In our digital era of smartphones and social media, it seems nearly everyone suffers from communication overload. Less than 15 years ago, most netizens had just one or two email accounts, texting was tedious and costly, and mobile phones were primarily used to make, well, phone calls.
Today, it’s common for people to manage numerous social media accounts and email addresses. One recent estimate claimed the average internet user has seven social media accounts — excluding email. Chunky mobile phones have been replaced by pocket touchscreen computers that constantly jingle and buzz notifications, pulling their owners away from face-to-face encounters with other human beings into a constantly churning social networking vortex.
Experts who look into such things say that while social networking has its benefits -- professionally, personally, politically -- it’s also dumbing down the ways people communicate with each other. Having so many channels of communication has overwhelmed our ability to thoughtfully interact online, encouraging cheap and easy forms of communication.

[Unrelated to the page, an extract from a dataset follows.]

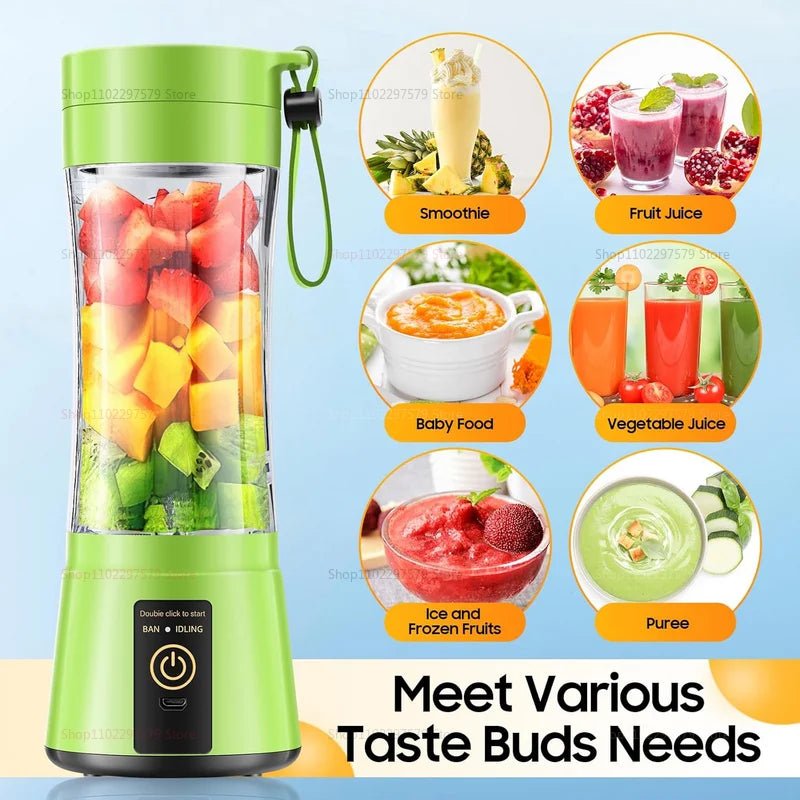 Best Portable Blender: USB rechargeable, compact design with fruits and smoothie.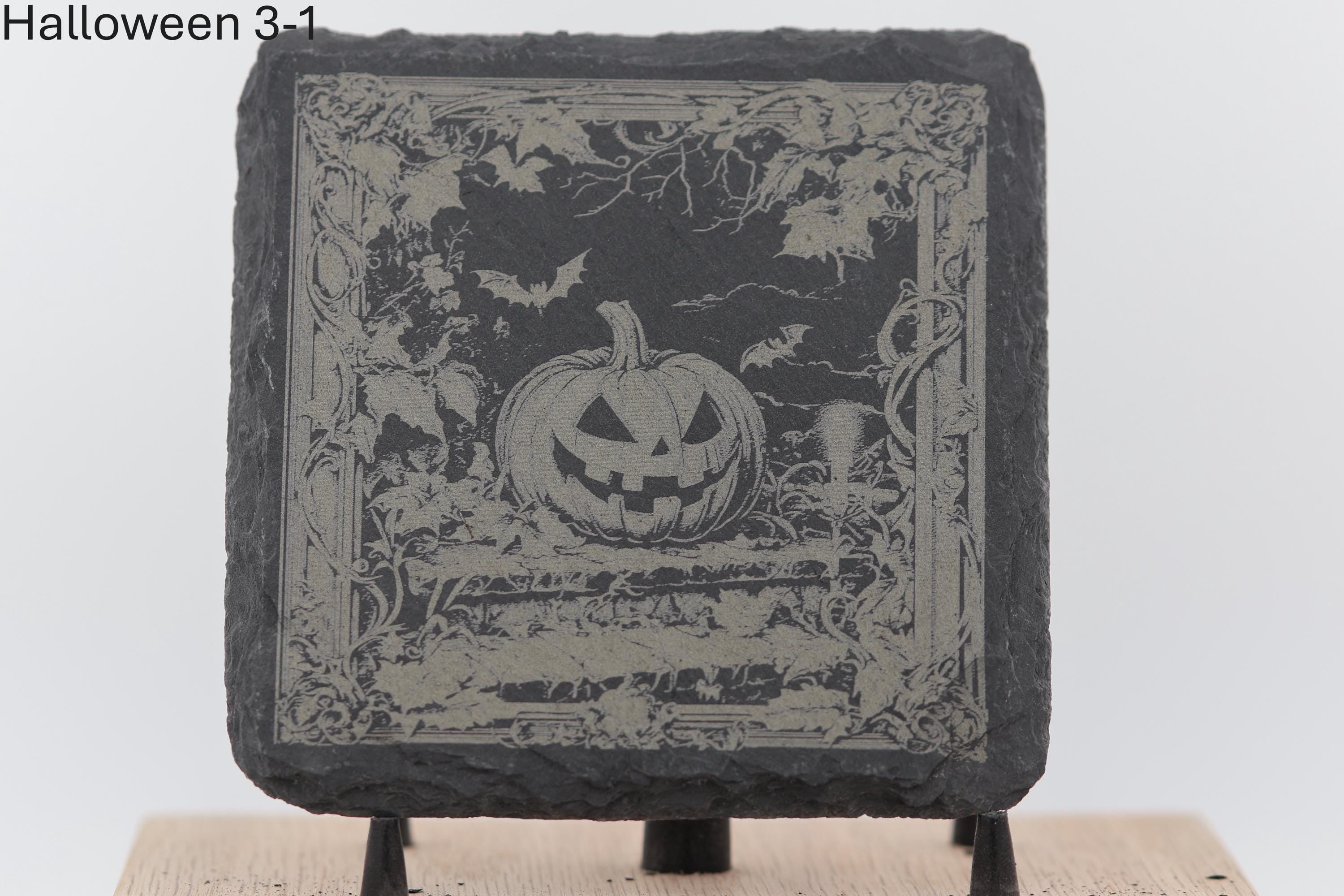 Laser engraved halloween slate coasters - spooky home bar gift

Instead of taking the time to formulate a thoughtful reply to an online friend’s social media post, social media users tend to gravitate to using an emoji or firing off a brief comment meant to convey little more than acknowledgment.
“When you look at social media apps, particularly Facebook, the most common action is to ‘like’ something; it’s not to comment, it’s not to post, it’s to ‘like,’” Larry Rosen, co-author of “The Distracted Mind: Ancient Brains in a High-Tech World,” told Salon. “The reason for that is because it takes minimal cognitive effort.”
Indeed, Facebook’s “like” icon has been such a popular way to communicate that last year the world’s largest social network expanded its thumbs-up icon into a suite of five “reactions” icons that represent anger, sadness, surprise, laughter and love, giving users the same depth of communication that could be taught to a chimpanzee.
These icons may be overly simplistic and ambiguous, but studies have shown that receiving even these tiny and insignificant gratifications has a neurological effect on social media users that is similar to what we feel when eating delicious food, after an intense workout, or during sex. (Anyone who has seen one of their Facebook posts amass dozens of “reactions” and comments has experienced that little boost to self-esteem.)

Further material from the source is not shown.